免费版（Starter）提供最多 2,000 个节点和 1 个代码仓库 — 对于大多数副项目和小到中型代码库来说足够了。打开你的项目，Vexp 会自动索引，你的代理将在下一个任务中获得更好的上下文。无需账户，无需 API 密钥，无需设置。文档：https://vexp.dev/docs

Call for Feedback

I'd love to hear feedback, especially from people working on large codebases (50k+ lines) where context management is a real bottleneck. Happy to answer any questions about the architecture or the graph-RAG approach.

我非常希望听到反馈，特别是来自那些在大型代码库（5 万行以上）上工作、上下文管理是真正瓶颈的人。
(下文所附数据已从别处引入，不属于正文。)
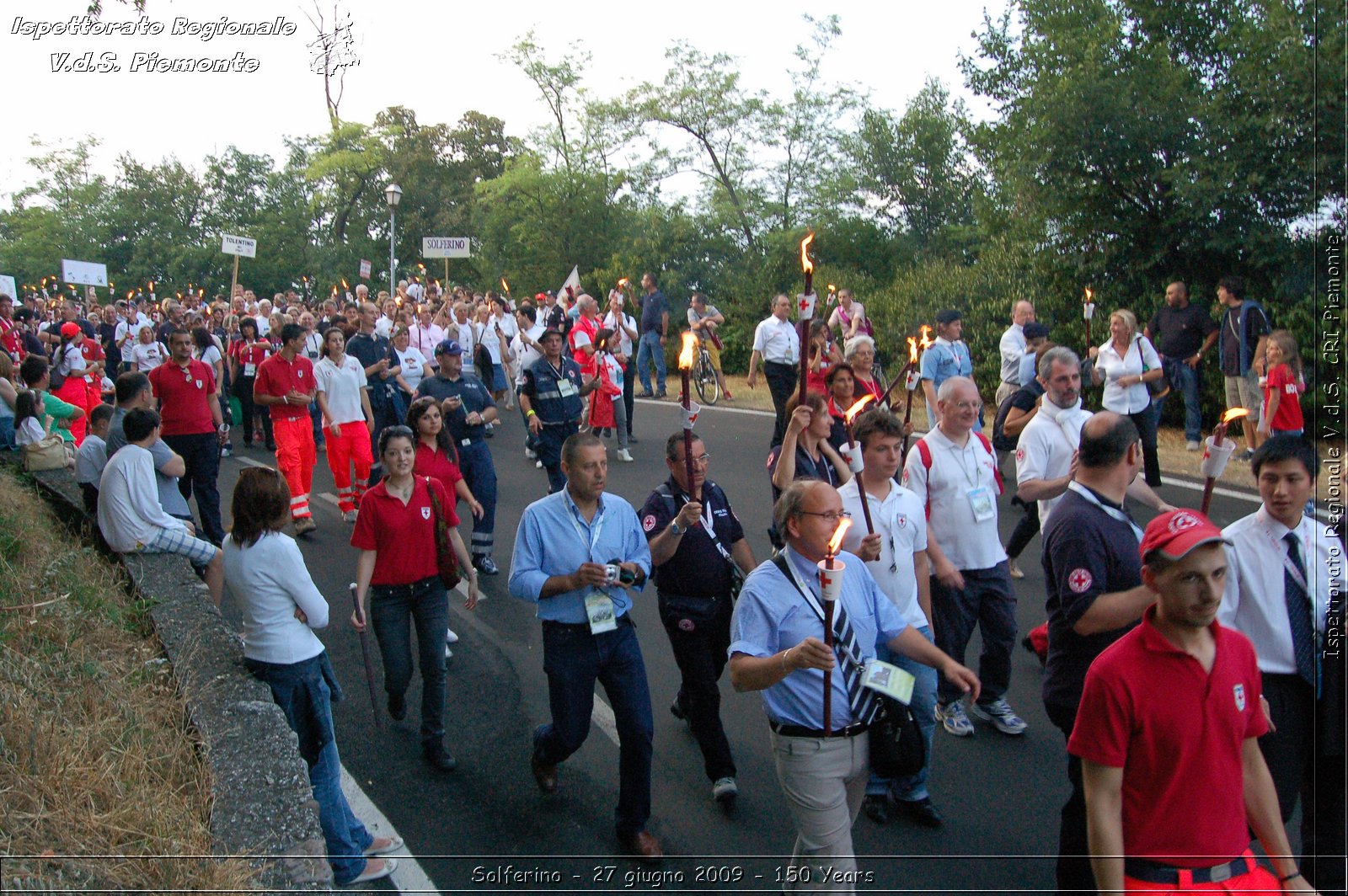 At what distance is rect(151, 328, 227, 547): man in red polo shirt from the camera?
31.0 ft

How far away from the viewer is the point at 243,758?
427 cm

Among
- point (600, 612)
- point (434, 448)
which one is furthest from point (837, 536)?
point (434, 448)

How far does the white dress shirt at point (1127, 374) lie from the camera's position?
9.55 meters

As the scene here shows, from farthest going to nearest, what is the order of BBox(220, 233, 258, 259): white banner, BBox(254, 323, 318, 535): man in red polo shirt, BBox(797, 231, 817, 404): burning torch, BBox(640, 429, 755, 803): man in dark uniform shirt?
BBox(220, 233, 258, 259): white banner → BBox(254, 323, 318, 535): man in red polo shirt → BBox(640, 429, 755, 803): man in dark uniform shirt → BBox(797, 231, 817, 404): burning torch

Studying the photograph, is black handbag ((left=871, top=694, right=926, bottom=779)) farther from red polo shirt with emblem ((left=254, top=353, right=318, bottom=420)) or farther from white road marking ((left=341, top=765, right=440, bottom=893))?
red polo shirt with emblem ((left=254, top=353, right=318, bottom=420))

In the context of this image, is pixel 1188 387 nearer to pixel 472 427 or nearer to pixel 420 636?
pixel 472 427

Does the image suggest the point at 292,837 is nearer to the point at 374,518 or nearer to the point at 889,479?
the point at 374,518

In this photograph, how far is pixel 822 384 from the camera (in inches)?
344

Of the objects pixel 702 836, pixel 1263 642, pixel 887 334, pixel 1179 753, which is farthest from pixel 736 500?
pixel 887 334

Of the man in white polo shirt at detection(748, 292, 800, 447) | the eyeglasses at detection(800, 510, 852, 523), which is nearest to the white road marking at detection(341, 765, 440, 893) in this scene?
the eyeglasses at detection(800, 510, 852, 523)

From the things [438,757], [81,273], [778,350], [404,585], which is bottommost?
[438,757]

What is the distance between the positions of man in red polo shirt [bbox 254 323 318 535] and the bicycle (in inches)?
371

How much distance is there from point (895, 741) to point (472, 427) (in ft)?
19.4

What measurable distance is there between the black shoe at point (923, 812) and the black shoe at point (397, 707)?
9.24 feet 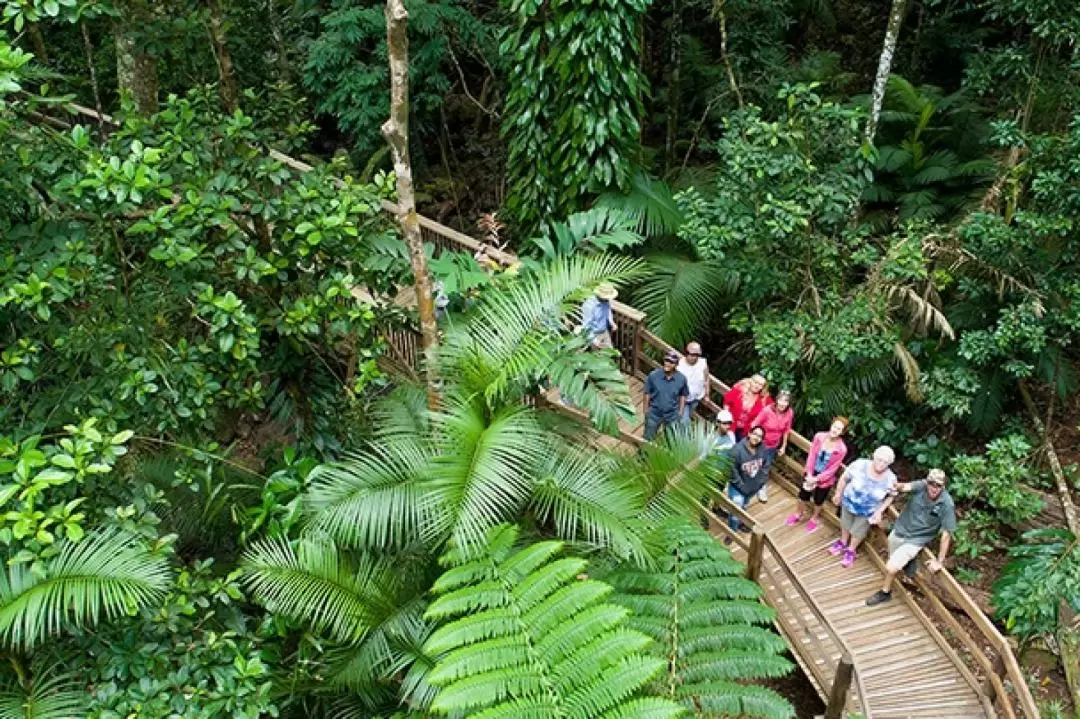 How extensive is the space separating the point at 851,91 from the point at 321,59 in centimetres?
766

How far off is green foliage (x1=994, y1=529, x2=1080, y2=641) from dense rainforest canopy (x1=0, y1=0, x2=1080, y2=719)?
28mm

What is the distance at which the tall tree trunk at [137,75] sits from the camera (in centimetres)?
691

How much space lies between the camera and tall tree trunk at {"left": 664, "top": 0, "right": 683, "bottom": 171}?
36.3 feet

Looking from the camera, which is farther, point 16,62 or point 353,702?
point 353,702

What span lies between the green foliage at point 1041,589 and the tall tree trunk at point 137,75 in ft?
26.2

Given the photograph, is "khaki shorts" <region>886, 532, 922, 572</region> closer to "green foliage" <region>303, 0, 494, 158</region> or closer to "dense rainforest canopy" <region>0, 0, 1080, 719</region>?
"dense rainforest canopy" <region>0, 0, 1080, 719</region>

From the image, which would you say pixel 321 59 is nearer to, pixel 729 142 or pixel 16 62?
pixel 729 142

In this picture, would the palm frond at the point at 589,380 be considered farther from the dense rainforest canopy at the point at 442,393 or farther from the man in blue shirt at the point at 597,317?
the man in blue shirt at the point at 597,317

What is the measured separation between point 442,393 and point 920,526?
3.85 meters

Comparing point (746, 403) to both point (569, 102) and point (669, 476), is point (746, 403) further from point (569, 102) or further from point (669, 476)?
point (569, 102)

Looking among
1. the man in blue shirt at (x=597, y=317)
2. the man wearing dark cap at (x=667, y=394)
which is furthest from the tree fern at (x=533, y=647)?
the man in blue shirt at (x=597, y=317)

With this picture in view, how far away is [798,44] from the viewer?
43.4ft

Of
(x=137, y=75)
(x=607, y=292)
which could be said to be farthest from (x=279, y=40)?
(x=607, y=292)

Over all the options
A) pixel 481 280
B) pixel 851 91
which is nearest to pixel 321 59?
pixel 481 280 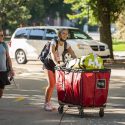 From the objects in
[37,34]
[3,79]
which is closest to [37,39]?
[37,34]

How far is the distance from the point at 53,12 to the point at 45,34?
235 feet

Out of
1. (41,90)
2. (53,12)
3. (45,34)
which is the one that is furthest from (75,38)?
(53,12)

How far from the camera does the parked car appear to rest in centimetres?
2228

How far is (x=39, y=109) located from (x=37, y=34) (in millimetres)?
12926

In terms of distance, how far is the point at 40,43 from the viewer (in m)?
23.2

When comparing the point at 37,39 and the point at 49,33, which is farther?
the point at 37,39

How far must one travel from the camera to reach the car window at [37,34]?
76.5 feet

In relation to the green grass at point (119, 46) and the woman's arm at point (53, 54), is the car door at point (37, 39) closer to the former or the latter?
the woman's arm at point (53, 54)

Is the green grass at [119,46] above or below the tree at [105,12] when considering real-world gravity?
below

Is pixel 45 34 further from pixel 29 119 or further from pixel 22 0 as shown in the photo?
pixel 29 119

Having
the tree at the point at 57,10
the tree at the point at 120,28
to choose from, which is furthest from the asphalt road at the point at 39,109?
the tree at the point at 57,10

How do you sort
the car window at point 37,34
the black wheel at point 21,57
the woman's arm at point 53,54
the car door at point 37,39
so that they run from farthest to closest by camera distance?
the black wheel at point 21,57 → the car window at point 37,34 → the car door at point 37,39 → the woman's arm at point 53,54

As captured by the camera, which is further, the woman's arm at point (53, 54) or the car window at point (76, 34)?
the car window at point (76, 34)

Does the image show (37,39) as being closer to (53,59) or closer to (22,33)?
(22,33) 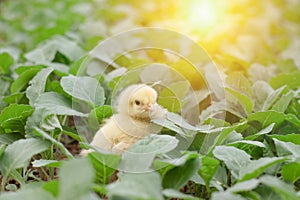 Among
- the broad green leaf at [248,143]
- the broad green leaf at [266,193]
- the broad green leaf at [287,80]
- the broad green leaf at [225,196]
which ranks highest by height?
the broad green leaf at [287,80]

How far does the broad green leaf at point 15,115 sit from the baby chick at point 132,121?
0.69ft

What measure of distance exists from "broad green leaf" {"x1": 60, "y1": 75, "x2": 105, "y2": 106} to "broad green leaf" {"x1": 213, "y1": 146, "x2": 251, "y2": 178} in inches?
19.7

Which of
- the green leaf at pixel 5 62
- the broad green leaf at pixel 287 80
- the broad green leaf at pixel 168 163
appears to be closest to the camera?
the broad green leaf at pixel 168 163

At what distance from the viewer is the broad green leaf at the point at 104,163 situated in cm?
139

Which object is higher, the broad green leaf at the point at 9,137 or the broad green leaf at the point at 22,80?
the broad green leaf at the point at 22,80

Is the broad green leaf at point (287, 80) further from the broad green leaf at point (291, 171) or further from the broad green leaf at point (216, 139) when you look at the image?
the broad green leaf at point (291, 171)

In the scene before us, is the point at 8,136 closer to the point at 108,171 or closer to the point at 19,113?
the point at 19,113

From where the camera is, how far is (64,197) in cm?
111

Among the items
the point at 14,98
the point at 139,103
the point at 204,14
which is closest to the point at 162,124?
the point at 139,103

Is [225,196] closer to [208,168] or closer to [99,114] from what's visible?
[208,168]

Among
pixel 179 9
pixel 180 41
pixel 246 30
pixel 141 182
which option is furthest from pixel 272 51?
pixel 141 182

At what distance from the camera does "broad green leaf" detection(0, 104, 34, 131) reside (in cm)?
165

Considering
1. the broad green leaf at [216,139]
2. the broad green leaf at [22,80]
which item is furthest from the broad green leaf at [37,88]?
the broad green leaf at [216,139]

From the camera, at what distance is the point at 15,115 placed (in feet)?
5.49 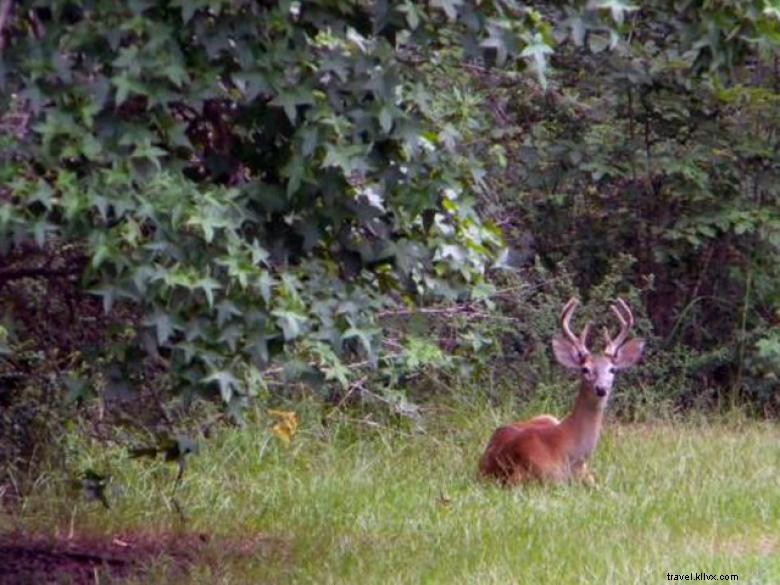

很乐意回答任何关于架构或 Graph-RAG 方法的问题。

常见问题（FAQ）

Vexp如何帮助AI编程助手节省token使用量？

Vexp通过构建代码语义图并采用混合搜索技术，仅返回与当前任务相关的代码，将上下文token使用量从15-20k减少到2-4k，实现65-70%的节省。

Vexp的会话记忆功能有什么作用？

会话记忆自动捕获工具调用记录，在新会话中智能浮现相关历史信息，当引用的代码被重构时会标记为过时，形成随代码演进而优雅降级的知识库。

Vexp支持哪些编程语言和AI代理？

支持TypeScript、Python、Go等12种编程语言，兼容Claude Code、Cursor、GitHub Copilot等12种AI代理，通过VS Code扩展和MCP协议集成。